Crawfish Etoufee and Crab Cakes- Yens

We decided to have our neighbors, Elaine and Don, be our guinea pigs for the New Orleans test dishes. Since they were going to move away, we thought, "What the heck, if the food turns out bad, we won't have to see them again."

The night before, Andrew started on the crab cakes and I started on the tartar sauce. We bought the Wild Caught Lump Crab meat from Whole Foods. I am not sure what lump crab meat is; all I know is that it's different from claw meat. Anyway, we didn't veer from the recipe too much. The only things we changed were the saltines, where we used panko crumbs; and in the tartar sauce, we used cornichons instead of dill pickles. Andrew prepped the crab cakes and set the mixture in the refrigerator for the next day.

The next day, I started making the dessert. For this dinner, I decided to make a different New Orleans dessert: Banana Chocolate Bread Pudding. Here is the link to the recipe for the bread pudding: http://www.emerils.com/recipe/644/Banana-Chocolate-Bread-Pudding.
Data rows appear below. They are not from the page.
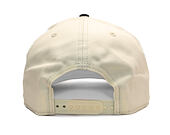 Basecap New Era - NHL Chainstitch 9FIFTY A-Frame - Boston Bruins - Chrome White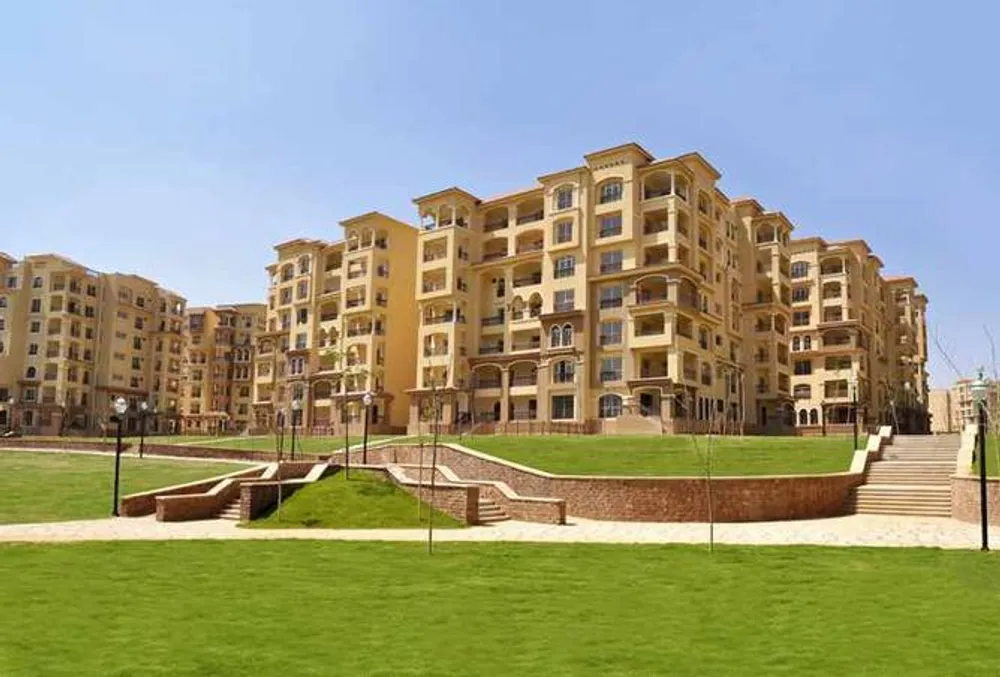 مدينتي | Forsa Property مدينتي | Forsa Property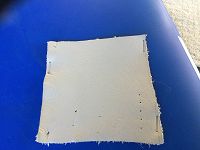 Tutoriel rénovation salon cuir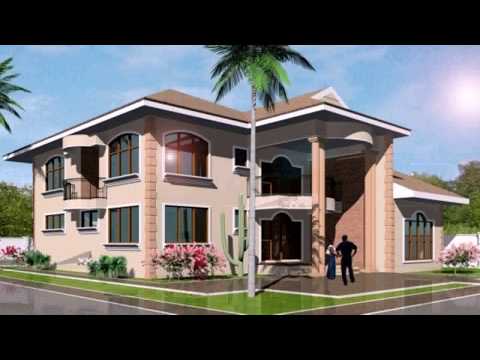 Featured image of post House Plans And Designs In Nigeria - Our architects and designers are continually generating newly designed, innovative and imaginative house plans specifically created for a wide range of discerning homeowners.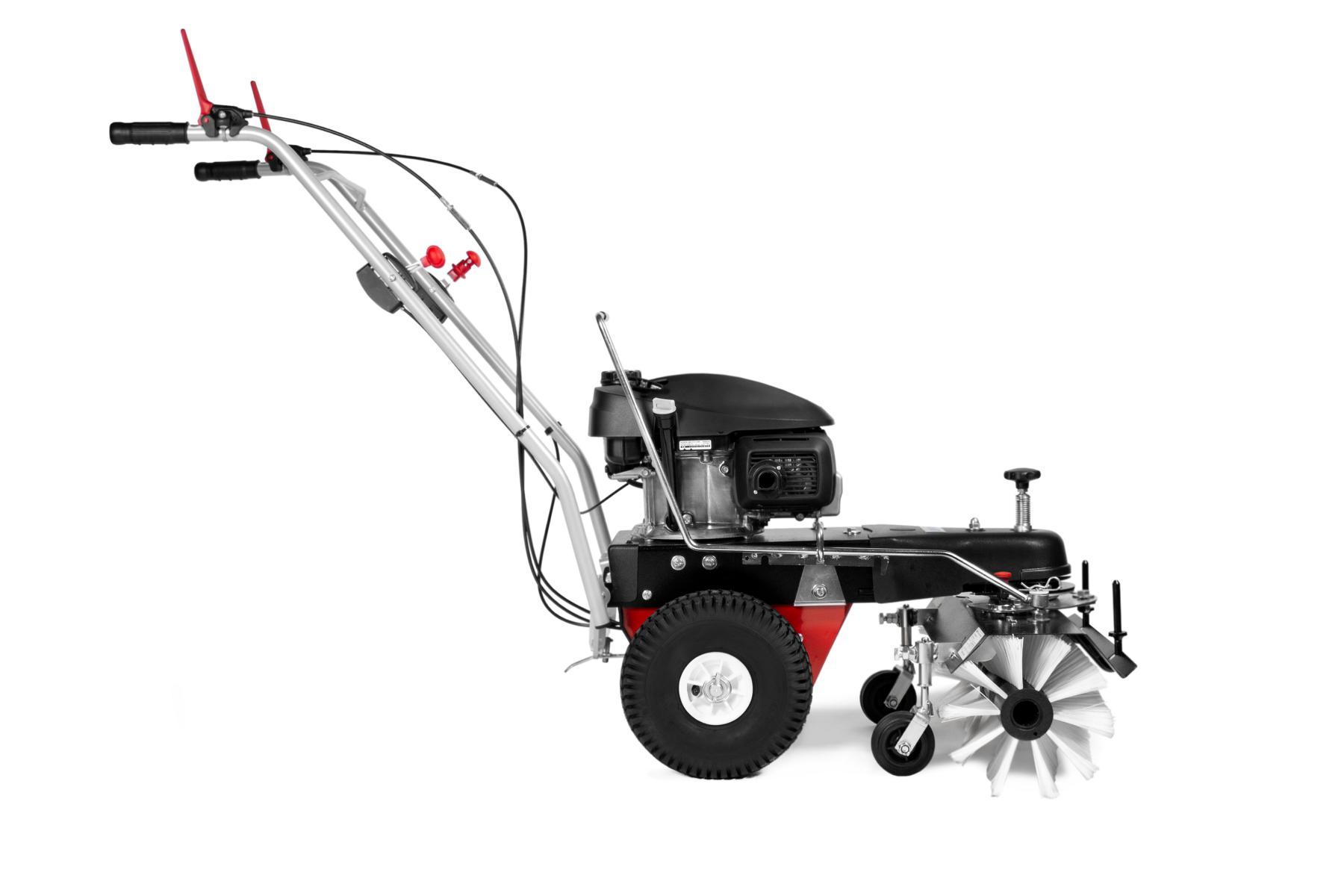 Limpar 74 "Switch" Grungerät - Honda GCV 170 Motor / FAA-A3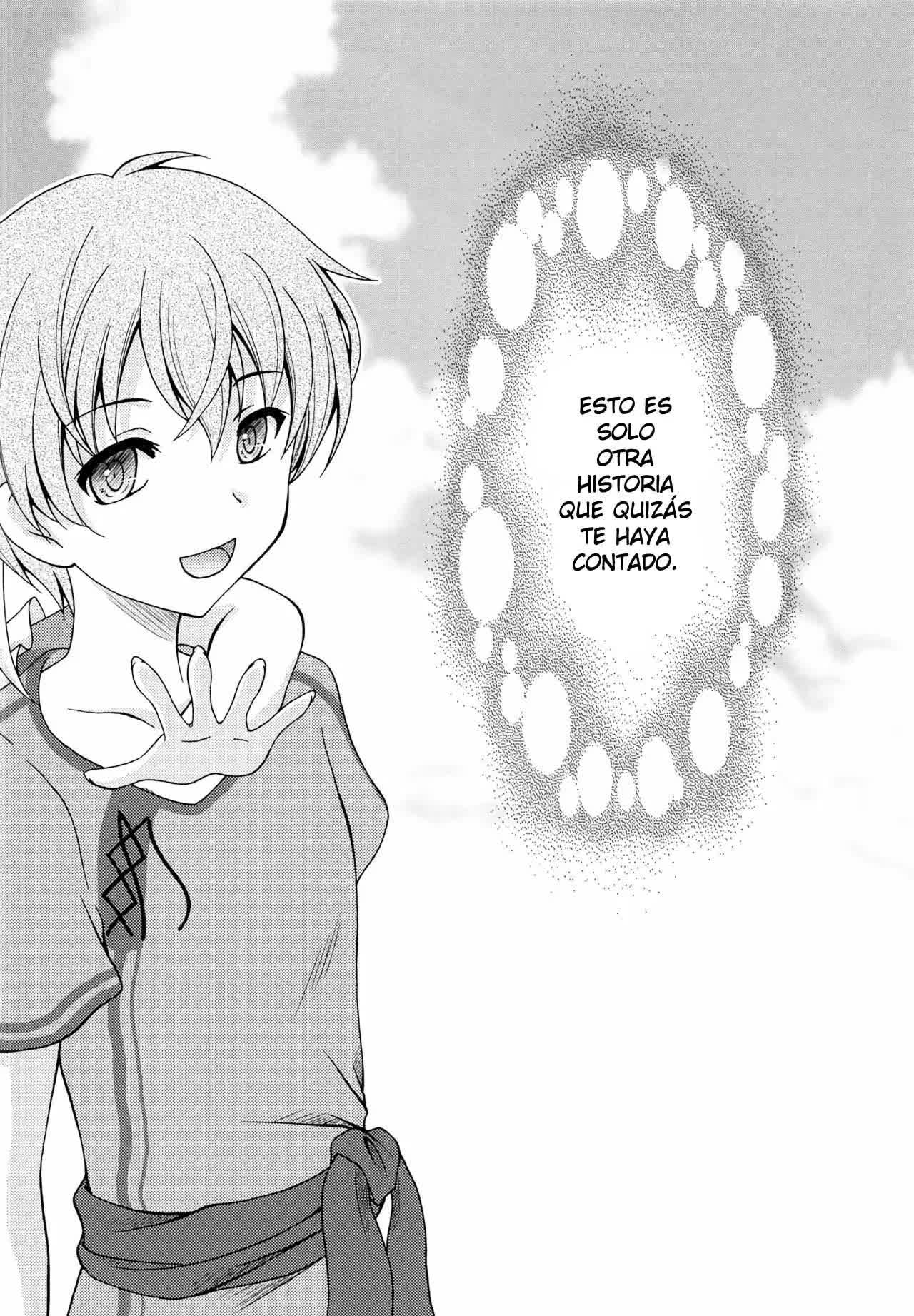 Alice no Yume Comic porno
It was super easy. You just need to dump all of the wet ingredients together and mix. Then have the bread soak in the wet ingredients with the banana and chocolate. Then bake. I didn't make any sauce for the bread pudding, mainly because of timing. I would have added a caramel sauce. However, in the end, the bread pudding was moist enough to not really warrant a sauce.

For the etoufee, we went for the crawfish meat which I purchased frozen from Whole Foods. From John's suggestion, we also did not put in the crawfish until the roux was reconstituted with the broth. In hindsight, I don't think that the crawfish would be as delicate as the shrimp would be so I don't think it would really matter when you put in the crawfish meat. It would probably hold up well at anytime. Since we had several boxes of chicken broth, we didn't buy extra fish stock. I think that since the crawfish was flavorful enough, there was no need for the added fish stock flavor.

Plating-wise, I laid the crab cakes on a bed of arugula which was tossed in a lemon vinegarette with some shavings of Parimgiano-Reggiano. The arugula added a nice lemon, peppery contrast to the crab meat. It was a nice compliment to the crab cakes.

For the etoufee, I just poured the etoufee over the rice. Nothing inventive. Agne's and Tim's presentation was definitely the way to go.

Wild Crab Meat



Crab Cake Mixture.


Cornichons.


Tartar Sauce.


Sauteing the vegetables.


Adding flour to the veggies.


Etouffe with crawfish.


Pan Frying the Crab Cakes


Crab Cake on a bed of arugula and Parmigiano shavings.



Unexciting presentation of the crawfish etoufee. However, the flavor was just the opposite!